App Trust Preview, a Mac app for checking software before opening it

App Trust Preview for checking Mac downloads before opening them

Hi everyone,

I wanted to share a Mac app I built called App Trust Preview.

I am a big fan of Apparency, and it was part of the inspiration. I made App Trust Preview because I wanted a privacy focused Mac App Store app that goes further for the kinds of files people actually download and inspect before trusting them.

The feature I care about most is saved privacy permission review. App Trust Preview can show the actual choices you have already made in macOS privacy settings for an app. That means you can see whether an app has Camera, Microphone, Screen Recording, Contacts, Photos, Accessibility, Local Network, or other permissions without opening each Privacy & Security section and searching for the app name manually.

I also added buttons that open the relevant System Settings privacy pane, so if you see something you want to change, you can get there quickly.

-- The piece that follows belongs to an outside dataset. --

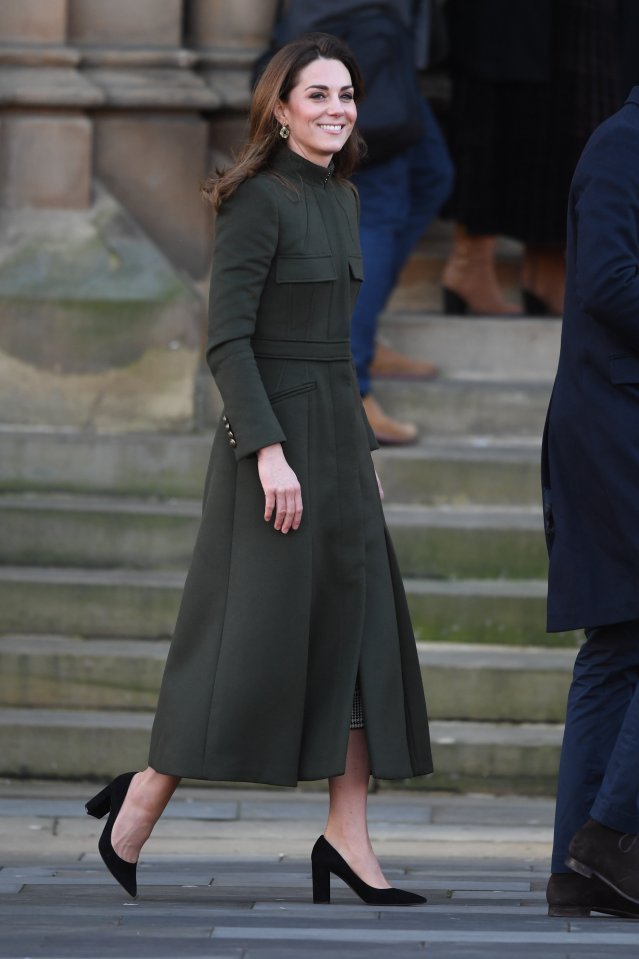  Kate Middleton smiles as she arrives, despite the chaos around the royal family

Another important goal was making the report user friendly. I did not want the app to only dump technical data like certificates, entitlements, package scripts, and Gatekeeper output. App Trust Preview tries to explain what those signals mean in plain language, so the report is useful even if you do not inspect macOS security metadata every day.

It can inspect apps, installer packages, disk images, standalone executables, and scripts. Other features include installer payload review, install script inspection, disk image inspection, readable script previews, executable hashes, readable privacy access summaries, internet access signals, technology detection, and export to PDF, PNG, JSON, or plain text.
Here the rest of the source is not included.